### Prompt
Only the lines below starting at the one that contains "Chetan Bhagat" and ending at the one that contains "The Kingdom of" are to be reproduced, exactly and with both ends kept.

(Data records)
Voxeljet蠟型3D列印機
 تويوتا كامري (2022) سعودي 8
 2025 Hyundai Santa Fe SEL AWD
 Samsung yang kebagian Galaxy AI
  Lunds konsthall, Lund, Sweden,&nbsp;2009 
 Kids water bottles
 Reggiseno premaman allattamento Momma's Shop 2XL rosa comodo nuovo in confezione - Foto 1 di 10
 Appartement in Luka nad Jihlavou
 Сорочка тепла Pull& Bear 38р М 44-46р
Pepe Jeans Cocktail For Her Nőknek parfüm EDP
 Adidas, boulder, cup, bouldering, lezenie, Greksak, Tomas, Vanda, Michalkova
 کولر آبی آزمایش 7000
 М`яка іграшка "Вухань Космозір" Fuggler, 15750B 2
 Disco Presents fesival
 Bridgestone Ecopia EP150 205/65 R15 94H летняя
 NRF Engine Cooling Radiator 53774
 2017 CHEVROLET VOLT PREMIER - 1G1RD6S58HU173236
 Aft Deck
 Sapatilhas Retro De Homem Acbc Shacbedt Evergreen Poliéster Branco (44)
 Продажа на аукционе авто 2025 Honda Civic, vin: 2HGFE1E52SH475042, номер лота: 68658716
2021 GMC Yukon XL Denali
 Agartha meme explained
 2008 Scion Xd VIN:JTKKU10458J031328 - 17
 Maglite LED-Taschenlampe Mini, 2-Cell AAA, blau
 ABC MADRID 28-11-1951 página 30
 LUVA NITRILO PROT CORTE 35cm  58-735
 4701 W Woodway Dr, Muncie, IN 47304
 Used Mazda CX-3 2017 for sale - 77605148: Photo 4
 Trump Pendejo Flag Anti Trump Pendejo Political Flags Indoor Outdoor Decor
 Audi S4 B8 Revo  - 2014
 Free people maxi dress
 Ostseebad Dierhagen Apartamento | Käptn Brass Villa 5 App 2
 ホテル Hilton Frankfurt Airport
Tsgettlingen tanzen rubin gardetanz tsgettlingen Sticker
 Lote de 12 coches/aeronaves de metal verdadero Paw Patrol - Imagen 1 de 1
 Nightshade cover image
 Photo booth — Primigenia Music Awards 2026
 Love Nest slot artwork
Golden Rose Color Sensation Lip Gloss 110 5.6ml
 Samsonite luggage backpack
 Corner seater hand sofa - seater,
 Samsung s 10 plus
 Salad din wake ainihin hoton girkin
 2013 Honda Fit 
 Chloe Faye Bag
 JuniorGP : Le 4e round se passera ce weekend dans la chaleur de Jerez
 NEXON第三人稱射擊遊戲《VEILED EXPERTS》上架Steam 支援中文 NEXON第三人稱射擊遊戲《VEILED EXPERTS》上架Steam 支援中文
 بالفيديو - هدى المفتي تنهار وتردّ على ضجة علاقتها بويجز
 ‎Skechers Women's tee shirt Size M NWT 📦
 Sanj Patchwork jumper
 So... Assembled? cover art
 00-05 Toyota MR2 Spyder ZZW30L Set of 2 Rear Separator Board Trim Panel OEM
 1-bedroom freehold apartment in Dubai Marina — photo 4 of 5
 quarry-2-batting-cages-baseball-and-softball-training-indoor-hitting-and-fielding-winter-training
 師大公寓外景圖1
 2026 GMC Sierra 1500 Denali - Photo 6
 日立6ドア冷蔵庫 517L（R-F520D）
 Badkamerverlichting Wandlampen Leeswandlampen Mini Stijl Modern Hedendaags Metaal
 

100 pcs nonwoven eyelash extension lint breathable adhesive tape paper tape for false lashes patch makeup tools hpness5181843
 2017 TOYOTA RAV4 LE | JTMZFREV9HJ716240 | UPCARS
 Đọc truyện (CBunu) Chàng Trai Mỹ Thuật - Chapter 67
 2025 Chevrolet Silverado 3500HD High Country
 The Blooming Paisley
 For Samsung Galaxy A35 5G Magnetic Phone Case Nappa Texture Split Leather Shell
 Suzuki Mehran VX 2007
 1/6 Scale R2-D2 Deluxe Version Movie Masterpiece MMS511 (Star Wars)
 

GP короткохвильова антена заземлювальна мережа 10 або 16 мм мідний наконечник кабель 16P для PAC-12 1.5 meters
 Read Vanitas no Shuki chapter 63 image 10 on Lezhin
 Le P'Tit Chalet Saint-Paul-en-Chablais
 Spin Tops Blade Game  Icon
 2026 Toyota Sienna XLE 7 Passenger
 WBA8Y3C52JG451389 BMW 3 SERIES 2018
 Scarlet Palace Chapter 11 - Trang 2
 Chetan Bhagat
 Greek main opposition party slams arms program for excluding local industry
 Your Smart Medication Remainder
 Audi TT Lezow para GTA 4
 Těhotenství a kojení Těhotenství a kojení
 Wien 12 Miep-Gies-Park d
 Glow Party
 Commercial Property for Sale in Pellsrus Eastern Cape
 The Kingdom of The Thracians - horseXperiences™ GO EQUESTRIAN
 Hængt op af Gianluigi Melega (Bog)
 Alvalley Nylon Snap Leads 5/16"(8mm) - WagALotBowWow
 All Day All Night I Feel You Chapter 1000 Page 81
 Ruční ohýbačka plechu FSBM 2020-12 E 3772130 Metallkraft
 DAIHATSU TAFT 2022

### Response box
 Chetan Bhagat
 Greek main opposition party slams arms program for excluding local industry
 Your Smart Medication Remainder
 Audi TT Lezow para GTA 4
 Těhotenství a kojení Těhotenství a kojení
 Wien 12 Miep-Gies-Park d
 Glow Party
 Commercial Property for Sale in Pellsrus Eastern Cape
 The Kingdom of The Thracians - horseXperiences™ GO EQUESTRIAN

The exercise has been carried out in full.